Titolo della sentenza
Sanità pubblica - Norme della Regione Campania – Previsione che “per l’anno 2012 l’entrata di euro 15.700.000,00, già finalizzata alla copertura dell’ammortamento del debito sanitario pregresso al 31 dicembre 2005, non cartolarizzato, è rifinalizzata al finanziamento dei mutui contratti dagli enti locali per la realizzazione di opere pubbliche a valere sulla UPB 1.82.227” - Elusione del vincolo di rispetto degli impegni finanziari assunti nel Piano di rientro approvato con specifico accordo con lo Stato – Violazione della competenza legislativa statale nella materia concorrente del coordinamento della finanza pubblica – Violazione della potestà sostitutiva statale - Illegittimità costituzionale parziale.

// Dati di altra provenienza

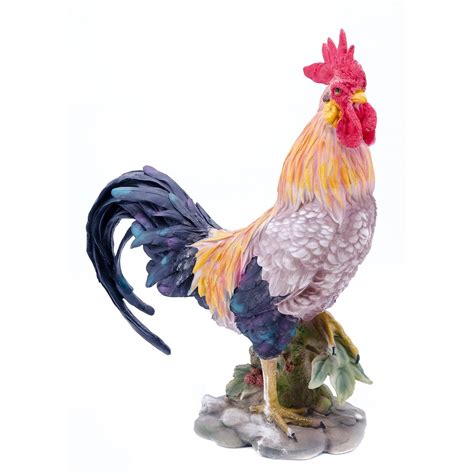 COLOURED ROOSTER STATUE - Walmart.com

Estratto dalla motivazione
“Ai fini dello scrutinio della questione, va richiamato, in premessa, il principio consolidato nella giurisprudenza di questa Corte, per cui «l’autonomia legislativa concorrente delle Regioni nel settore della tutela della salute e, in particolare, nell’ambito della gestione del servizio sanitario può incontrare limiti alla luce degli obiettivi della finanza pubblica e del contenimento della spesa», peraltro in un «quadro di esplicita condivisione da parte delle Regioni della assoluta necessità di contenere i disavanzi del settore sanitario» (sentenze n. 79 del 2013, n. 91 del 2012 e n. 193 del 2007). Per cui il legislatore statale può «legittimamente imporre alle Regioni vincoli alla spesa corrente per assicurare l’equilibrio unitario della finanza pubblica complessiva, in connessione con il perseguimento di obiettivi nazionali, condizionati anche da obblighi comunitari» (sentenze n. 91 del 2012, n. 163 del 2011 e n. 52 del 2010). Da ciò si è inferito, ed è stato più volte ribadito, che l’art. 2, comma 95, della legge 23 dicembre 2009, n. 191 (Disposizioni per la formazione del bilancio annuale e pluriennale dello Stato – legge finanziaria 2010), invocato dal ricorrente come norma interposta in relazione alla denunciata violazione dell’art. 117, terzo comma, Cost., al pari dell’articolo 1, comma 796, lettera b), della legge 27 dicembre 2006, n. 296 (Disposizioni per la formazione del bilancio annuale e pluriennale dello Stato – Legge finanziaria 2007), e del comma 80 del medesimo articolo 2 della legge n. 191 del 2009, può essere qualificato «come espressione di un principio fondamentale diretto al contenimento della spesa pubblica sanitaria e, dunque, espressione di un correlato principio di coordinamento della finanza pubblica» (sentenze n. 79 del 2013, n. 91 del 2012, n. 163 e n. 123 del 2011, n. 141 e n. 100 del 2010). Tali norme hanno, infatti, reso vincolanti, per le Regioni che li abbiano sottoscritti, gli interventi individuati negli accordi di cui all’art. 1, comma 180, della legge 30 dicembre 2004, n. 311 (Disposizioni per la formazione del bilancio annuale e pluriennale dello Stato – legge finanziaria 2005), finalizzati a realizzare il contenimento della spesa sanitaria ed a ripianare i debiti anche mediante la previsione di speciali contributi finanziari dello Stato (sentenza n. 91 del 2012)”. (Considerato in diritto, 2)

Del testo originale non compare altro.